Au printemps de 1962, alors que le territoire était laissé au FLN par l'armée française, repliée dans les garnisons d'Algérie, le nouveau pouvoir feignit la clémence envers les pro-Français et à Paris le gouvernement limita à une portion minime leur repli en France en application «d'un plan général de rapatriement», et ordonnant même le renvoi en Algérie des supplétifs débarqués en France en dehors du plan de rapatriement.

Le colonel Buis, dans une note officielle en date du 12 mai 1963 adressée à l'inspecteur général des Affaires algériennes, écrivait : «Le ministre d'Etat chargé des Affaires algériennes a appelé l'attention du Haut Commissaire sur certaines initiatives prises en Algérie pour organiser l'émigration et l'installation en métropole de familles musulmanes désireuses de quitter le territoire algérien. C'est ainsi que le 9 mai, sept familles d'ex-Moghaznis ont quitté Oran pour s'installer dans la région de Dijon. Or, dans la conjoncture actuelle, on ne peut laisser à une autorité quelconque l'initiative des mesures de ce genre qui ne peuvent relever que de décisions prises à l'échelon du gouvernement. Le transfert en métropole de Français musulmans effectivement menacés dans leur vie et leurs biens s'effectuera sous la forme d'une opération préparée et planifiée. J'ai en conséquence l'honneur de vous demander de bien vouloir prescrire à tous les cadres placés sous vos ordres de s'abstenir de toute initiative isolée destinée à provoquer l'installation de Français musulmans en métropole.»

- De 1962 à nos jours :

Seulement 15000 à 20000 familles de musulmans pro-Français (91000 personnes) purent s'établir en France de 1962 à 1968 et durent ainsi s'arracher à leur contrée d'origine, à leur famille, à leur culture.

Au sein de l'écrasante majorité restée en Algérie, il y eut au minimum des dizaines de milliers de victimes assassinées par le FLN (150000 selon une note officielle du Service historique des armées rédigée en 1974). Un rapport du sous-préfet d'Akbou au vice-président du Conseil d'Etat, établi sur la base de nombreux témoignages, estime entre 1000 et 2000 le nombre de massacrés, dans chacun des soixante-douze arrondissements d'Algérie, de mars à décembre 1962.

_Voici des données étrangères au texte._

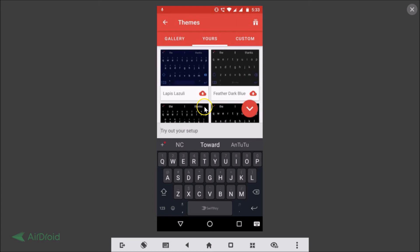In this way you can easily download and change themes in SwiftKey keyboard on your Android device. That's it guys — thanks for watching. If you like my videos, please support this channel by subscribing. Thanks, bye!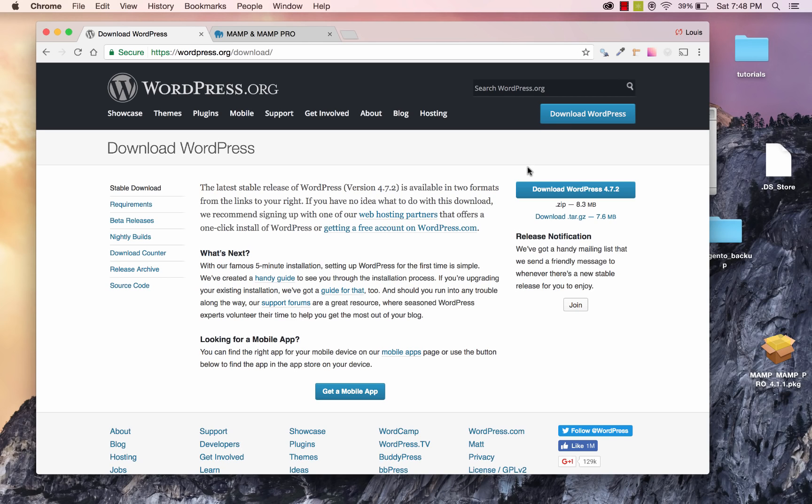What's up everybody, this is Louis from Best Dev Tutorials, and today I'm going to show you a tutorial on how to set up WordPress locally on your computer and how to host it.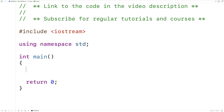In this video we're going to learn about while loops in C++. While loops are a control structure that allow us to repeat the execution of a block of statements multiple times.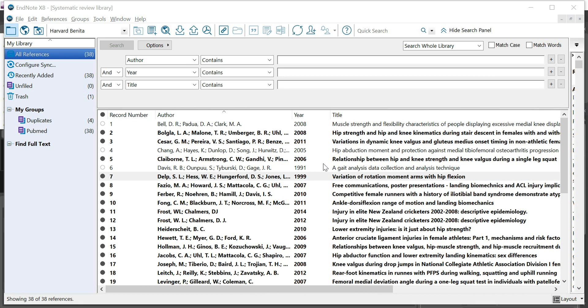EndNote can be of great help when it comes to finding full text for your references and the studies that you've listed in your EndNote library.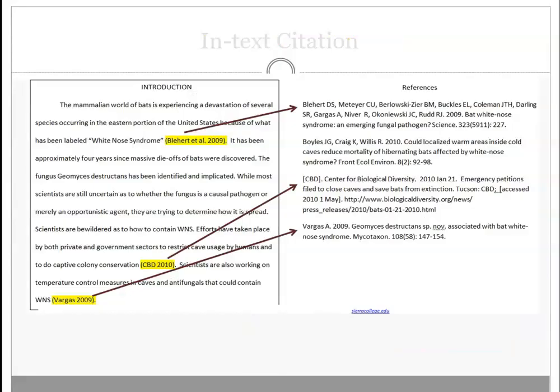In-text citations play an important role in a paper. They support the points being made. Notice how each in-text citation directs the reader to the full citations on the references page.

En 1962, le général Faivre avançait une fourchette de 50000 à 70000 harkis tués par le FLN, souvent dans d'ignobles tortures, parfois par familles entières, et cela souvent en présence de l'armée française qui aurait reçu l'ordre de rester passive, comme à Oran le 5 juillet 1962, et sans que l'opinion publique et internationale ne s'en émeuve.

Les meurtres de ces Algériens durèrent jusqu'en 1966.

En 1965, la Croix-Rouge recensait 13500 pro-Français incarcérés en Algérie.

En France, les réfugiés transitèrent dans des camps.

Faute de structures d'accueil suffisantes, ils furent relégués dans des camps, des maisons forestières ou des cités insalubres. Leur insertion fut particulièrement difficile, et ils connurent pendant des années et connaissent encore de nos jours un taux de chômage élevé et des conditions de vie souvent précaires.

II. - Pour une juste reconnaissance du préjudice subi

Parce que selon les termes du colonel de Blignières dans sa préface à Disparus en Algérie «Parmi les faits rayés des manuels, des mémoires et des débats, le désarmement des harkis et l'abandon à leur sort des disparus pèse d'un poids exceptionnel sur la conscience de la France et sur l'honneur de son armée» ; il est indispensable de poursuivre le travail de mémoire débuté le 25 septembre 2001, par le Président de la République, mais il est également indispensable d'ouvrir le nécessaire débat qui conduira à l'élaboration de mesures concrètes pour une juste reconnaissance du préjudice subi.

Il convient avant tout de faire œuvre d'historien par un devoir de mémoire et par un devoir de vérité afin de rendre à la communauté harkie l'honneur de son engagement.

PROPOSITION DE LOI

Article 1er

La journée d'hommage national aux harkis sera officiellement célébrée le 25 septembre de chaque année, suite au décret du 31 mars 2003.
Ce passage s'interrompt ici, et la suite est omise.